RECORDS FOR THIS EXERCISE =>
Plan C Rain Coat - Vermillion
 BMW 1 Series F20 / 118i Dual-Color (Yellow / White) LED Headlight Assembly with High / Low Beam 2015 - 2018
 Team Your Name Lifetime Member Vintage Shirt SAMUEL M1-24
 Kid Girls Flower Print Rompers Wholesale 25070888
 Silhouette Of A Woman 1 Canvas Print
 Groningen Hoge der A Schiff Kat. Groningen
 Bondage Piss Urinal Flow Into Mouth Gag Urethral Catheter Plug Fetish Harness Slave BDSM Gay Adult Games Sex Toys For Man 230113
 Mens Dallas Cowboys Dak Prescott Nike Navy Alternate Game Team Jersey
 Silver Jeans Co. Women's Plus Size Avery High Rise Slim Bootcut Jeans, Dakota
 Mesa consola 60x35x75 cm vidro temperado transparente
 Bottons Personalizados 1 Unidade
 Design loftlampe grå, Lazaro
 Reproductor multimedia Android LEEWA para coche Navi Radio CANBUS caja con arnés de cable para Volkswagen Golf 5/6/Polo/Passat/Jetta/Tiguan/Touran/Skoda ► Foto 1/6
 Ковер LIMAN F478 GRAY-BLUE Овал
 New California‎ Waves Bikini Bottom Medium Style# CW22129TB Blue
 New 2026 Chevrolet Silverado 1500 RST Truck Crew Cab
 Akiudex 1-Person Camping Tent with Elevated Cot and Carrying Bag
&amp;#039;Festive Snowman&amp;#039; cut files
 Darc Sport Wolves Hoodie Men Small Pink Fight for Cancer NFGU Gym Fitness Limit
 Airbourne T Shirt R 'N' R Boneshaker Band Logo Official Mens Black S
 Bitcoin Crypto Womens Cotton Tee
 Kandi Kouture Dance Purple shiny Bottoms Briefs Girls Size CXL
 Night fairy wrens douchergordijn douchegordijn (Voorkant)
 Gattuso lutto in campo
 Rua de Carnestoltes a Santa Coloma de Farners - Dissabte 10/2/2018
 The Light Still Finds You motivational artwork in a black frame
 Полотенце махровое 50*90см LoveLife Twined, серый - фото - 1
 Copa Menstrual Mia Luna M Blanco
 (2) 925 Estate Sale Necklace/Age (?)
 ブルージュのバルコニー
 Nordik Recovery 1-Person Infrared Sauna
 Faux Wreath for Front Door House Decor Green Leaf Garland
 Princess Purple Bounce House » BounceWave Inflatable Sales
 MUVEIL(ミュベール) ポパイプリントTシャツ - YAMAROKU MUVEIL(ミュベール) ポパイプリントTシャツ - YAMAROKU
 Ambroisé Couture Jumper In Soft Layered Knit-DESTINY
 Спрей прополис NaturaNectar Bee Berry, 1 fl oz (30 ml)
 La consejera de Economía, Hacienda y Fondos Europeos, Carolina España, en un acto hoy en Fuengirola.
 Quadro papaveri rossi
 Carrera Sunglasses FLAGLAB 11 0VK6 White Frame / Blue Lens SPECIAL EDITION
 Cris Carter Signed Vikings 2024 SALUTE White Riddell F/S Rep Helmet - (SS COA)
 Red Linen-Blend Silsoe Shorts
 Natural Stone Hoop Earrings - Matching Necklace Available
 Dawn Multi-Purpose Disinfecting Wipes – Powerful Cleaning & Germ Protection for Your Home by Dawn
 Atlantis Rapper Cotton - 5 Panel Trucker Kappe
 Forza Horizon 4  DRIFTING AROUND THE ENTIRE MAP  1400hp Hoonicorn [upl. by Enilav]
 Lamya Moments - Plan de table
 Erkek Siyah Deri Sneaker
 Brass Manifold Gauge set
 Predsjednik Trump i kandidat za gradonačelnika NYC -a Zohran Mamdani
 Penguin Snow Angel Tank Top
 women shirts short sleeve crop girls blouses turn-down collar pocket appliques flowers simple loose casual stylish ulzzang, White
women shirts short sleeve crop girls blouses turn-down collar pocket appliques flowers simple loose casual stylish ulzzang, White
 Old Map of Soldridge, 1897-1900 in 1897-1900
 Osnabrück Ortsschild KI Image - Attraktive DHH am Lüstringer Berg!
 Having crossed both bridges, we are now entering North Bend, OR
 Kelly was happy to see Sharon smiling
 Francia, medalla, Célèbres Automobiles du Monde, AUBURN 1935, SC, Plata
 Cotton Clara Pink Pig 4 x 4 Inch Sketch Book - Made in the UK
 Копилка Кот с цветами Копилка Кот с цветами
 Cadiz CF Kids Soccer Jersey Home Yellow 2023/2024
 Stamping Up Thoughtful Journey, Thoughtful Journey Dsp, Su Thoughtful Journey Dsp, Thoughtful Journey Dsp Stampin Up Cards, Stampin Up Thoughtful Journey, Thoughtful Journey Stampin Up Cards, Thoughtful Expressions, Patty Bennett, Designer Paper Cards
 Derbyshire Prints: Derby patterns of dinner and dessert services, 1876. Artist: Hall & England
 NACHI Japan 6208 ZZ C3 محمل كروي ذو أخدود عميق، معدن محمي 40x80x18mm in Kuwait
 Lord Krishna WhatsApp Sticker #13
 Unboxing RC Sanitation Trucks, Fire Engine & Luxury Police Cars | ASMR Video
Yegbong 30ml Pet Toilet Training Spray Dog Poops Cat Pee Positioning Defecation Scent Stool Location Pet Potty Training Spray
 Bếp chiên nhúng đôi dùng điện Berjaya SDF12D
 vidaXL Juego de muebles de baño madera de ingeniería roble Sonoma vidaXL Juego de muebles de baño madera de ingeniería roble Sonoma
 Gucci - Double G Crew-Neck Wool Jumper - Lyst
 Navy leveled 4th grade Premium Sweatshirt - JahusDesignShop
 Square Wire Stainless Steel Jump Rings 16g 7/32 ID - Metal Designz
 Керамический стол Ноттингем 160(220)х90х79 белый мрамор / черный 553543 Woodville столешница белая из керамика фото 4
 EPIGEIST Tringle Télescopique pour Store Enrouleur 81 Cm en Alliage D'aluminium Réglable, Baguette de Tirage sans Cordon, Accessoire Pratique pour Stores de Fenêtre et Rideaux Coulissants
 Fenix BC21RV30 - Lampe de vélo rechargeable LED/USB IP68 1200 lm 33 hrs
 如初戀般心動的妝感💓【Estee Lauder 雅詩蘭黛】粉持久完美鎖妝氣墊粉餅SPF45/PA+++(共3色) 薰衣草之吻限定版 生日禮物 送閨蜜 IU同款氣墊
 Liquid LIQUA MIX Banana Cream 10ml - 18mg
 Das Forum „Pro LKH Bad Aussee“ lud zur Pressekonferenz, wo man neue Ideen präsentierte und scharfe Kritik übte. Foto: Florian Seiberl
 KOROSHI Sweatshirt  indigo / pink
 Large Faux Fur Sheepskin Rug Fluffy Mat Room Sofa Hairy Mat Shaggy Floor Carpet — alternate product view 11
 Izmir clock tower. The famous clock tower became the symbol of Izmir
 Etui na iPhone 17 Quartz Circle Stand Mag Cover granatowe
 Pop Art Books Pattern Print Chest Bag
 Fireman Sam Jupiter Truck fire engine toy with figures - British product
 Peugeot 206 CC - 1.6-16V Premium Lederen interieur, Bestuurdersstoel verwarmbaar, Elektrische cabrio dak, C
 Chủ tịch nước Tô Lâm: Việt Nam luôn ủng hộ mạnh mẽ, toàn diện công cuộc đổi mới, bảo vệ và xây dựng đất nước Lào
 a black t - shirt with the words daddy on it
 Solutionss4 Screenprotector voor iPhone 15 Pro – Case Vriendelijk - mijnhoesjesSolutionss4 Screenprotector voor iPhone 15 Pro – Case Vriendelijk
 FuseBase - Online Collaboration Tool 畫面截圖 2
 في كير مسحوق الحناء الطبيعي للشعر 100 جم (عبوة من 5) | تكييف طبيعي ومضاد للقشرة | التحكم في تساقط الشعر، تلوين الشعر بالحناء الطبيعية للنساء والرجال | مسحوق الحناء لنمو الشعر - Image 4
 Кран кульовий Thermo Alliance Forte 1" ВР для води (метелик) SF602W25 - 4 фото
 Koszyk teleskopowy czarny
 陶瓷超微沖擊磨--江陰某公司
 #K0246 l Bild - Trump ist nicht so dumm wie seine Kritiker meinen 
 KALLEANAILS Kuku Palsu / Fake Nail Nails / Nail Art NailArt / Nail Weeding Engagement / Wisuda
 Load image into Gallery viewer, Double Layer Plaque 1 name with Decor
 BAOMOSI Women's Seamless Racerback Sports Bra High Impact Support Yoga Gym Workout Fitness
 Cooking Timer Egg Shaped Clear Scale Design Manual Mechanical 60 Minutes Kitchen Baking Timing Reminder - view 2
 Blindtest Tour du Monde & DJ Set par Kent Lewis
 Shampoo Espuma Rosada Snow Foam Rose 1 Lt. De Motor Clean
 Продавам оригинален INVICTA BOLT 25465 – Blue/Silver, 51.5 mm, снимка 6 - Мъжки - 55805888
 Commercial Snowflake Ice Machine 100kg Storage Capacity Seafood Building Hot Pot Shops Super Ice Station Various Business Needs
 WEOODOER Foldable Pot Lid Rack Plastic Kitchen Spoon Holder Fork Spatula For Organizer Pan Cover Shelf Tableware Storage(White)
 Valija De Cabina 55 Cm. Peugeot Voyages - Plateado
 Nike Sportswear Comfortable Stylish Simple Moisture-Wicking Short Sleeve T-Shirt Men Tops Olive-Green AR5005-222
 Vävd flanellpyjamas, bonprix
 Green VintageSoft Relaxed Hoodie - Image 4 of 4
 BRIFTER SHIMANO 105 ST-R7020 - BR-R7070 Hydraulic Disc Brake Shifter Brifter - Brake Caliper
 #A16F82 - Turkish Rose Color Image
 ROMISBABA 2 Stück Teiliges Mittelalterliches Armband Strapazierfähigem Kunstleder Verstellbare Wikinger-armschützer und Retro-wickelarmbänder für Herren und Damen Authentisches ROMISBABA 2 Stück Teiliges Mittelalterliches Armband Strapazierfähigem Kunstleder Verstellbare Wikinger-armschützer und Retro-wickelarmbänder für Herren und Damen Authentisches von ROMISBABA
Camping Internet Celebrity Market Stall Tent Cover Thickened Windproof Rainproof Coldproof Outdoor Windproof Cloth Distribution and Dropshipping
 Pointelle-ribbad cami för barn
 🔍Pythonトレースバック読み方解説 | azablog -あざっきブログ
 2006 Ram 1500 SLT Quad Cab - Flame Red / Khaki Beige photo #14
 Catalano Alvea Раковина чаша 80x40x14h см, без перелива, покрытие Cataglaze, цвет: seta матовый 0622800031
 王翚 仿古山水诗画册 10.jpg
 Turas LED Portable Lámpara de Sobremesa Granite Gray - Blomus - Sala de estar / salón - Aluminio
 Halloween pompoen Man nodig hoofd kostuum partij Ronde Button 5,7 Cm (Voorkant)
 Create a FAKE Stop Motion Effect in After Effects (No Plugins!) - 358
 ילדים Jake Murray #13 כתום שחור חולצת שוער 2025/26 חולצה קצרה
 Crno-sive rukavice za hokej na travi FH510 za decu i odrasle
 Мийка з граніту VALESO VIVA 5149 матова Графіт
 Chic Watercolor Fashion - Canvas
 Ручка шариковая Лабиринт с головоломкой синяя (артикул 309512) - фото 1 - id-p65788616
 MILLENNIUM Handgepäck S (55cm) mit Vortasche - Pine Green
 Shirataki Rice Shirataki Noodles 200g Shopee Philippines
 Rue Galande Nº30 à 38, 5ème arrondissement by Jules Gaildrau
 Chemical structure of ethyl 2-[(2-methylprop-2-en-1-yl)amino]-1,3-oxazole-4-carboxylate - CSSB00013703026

WORK TO COMPLETE =>
Find the line with "Derbyshire Prints: Derby" in the entries above. Retype it and each line after it, exactly, through the line with "Fireman Sam Jupiter", and stop there.

SOLVED EXERCISE =>
 Derbyshire Prints: Derby patterns of dinner and dessert services, 1876. Artist: Hall & England
 NACHI Japan 6208 ZZ C3 محمل كروي ذو أخدود عميق، معدن محمي 40x80x18mm in Kuwait
 Lord Krishna WhatsApp Sticker #13
 Unboxing RC Sanitation Trucks, Fire Engine & Luxury Police Cars | ASMR Video
Yegbong 30ml Pet Toilet Training Spray Dog Poops Cat Pee Positioning Defecation Scent Stool Location Pet Potty Training Spray
 Bếp chiên nhúng đôi dùng điện Berjaya SDF12D
 vidaXL Juego de muebles de baño madera de ingeniería roble Sonoma vidaXL Juego de muebles de baño madera de ingeniería roble Sonoma
 Gucci - Double G Crew-Neck Wool Jumper - Lyst
 Navy leveled 4th grade Premium Sweatshirt - JahusDesignShop
 Square Wire Stainless Steel Jump Rings 16g 7/32 ID - Metal Designz
 Керамический стол Ноттингем 160(220)х90х79 белый мрамор / черный 553543 Woodville столешница белая из керамика фото 4
 EPIGEIST Tringle Télescopique pour Store Enrouleur 81 Cm en Alliage D'aluminium Réglable, Baguette de Tirage sans Cordon, Accessoire Pratique pour Stores de Fenêtre et Rideaux Coulissants
 Fenix BC21RV30 - Lampe de vélo rechargeable LED/USB IP68 1200 lm 33 hrs
 如初戀般心動的妝感💓【Estee Lauder 雅詩蘭黛】粉持久完美鎖妝氣墊粉餅SPF45/PA+++(共3色) 薰衣草之吻限定版 生日禮物 送閨蜜 IU同款氣墊
 Liquid LIQUA MIX Banana Cream 10ml - 18mg
 Das Forum „Pro LKH Bad Aussee“ lud zur Pressekonferenz, wo man neue Ideen präsentierte und scharfe Kritik übte. Foto: Florian Seiberl
 KOROSHI Sweatshirt  indigo / pink
 Large Faux Fur Sheepskin Rug Fluffy Mat Room Sofa Hairy Mat Shaggy Floor Carpet — alternate product view 11
 Izmir clock tower. The famous clock tower became the symbol of Izmir
 Etui na iPhone 17 Quartz Circle Stand Mag Cover granatowe
 Pop Art Books Pattern Print Chest Bag
 Fireman Sam Jupiter Truck fire engine toy with figures - British product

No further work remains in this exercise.